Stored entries
== Segment start ==
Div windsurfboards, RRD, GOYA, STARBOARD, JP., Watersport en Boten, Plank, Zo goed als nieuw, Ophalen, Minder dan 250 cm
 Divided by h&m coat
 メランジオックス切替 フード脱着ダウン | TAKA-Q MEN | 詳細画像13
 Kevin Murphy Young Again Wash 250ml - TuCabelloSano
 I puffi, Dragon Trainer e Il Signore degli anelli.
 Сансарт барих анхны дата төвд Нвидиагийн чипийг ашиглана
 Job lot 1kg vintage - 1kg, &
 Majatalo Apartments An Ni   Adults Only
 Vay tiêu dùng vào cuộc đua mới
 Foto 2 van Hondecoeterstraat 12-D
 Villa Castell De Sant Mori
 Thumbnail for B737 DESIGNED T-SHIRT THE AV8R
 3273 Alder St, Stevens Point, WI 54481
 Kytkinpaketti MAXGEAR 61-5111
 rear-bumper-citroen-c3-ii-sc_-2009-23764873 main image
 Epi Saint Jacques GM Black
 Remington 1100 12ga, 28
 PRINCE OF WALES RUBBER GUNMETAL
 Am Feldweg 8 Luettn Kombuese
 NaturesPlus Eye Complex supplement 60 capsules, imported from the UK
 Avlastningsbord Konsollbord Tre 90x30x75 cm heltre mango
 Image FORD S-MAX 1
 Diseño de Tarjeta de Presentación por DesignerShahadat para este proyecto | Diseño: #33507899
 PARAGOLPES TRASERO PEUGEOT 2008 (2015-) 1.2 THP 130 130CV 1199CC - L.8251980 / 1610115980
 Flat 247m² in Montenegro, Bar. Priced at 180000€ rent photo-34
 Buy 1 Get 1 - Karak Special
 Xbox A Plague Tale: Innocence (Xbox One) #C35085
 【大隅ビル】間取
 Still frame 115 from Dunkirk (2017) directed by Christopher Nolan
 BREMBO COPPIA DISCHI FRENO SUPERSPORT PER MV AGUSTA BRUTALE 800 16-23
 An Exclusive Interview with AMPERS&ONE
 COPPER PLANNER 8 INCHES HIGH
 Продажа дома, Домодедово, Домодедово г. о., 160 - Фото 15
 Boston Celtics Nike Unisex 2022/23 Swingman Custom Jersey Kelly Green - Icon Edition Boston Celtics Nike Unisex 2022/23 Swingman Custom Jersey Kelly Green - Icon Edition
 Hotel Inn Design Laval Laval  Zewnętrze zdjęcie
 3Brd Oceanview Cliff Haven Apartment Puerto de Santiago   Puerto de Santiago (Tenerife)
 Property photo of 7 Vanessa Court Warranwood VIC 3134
== Segment end ==
About this task:
Using the entries, state how many of their lines hold "from"; give the number and no more.

Written solution:
2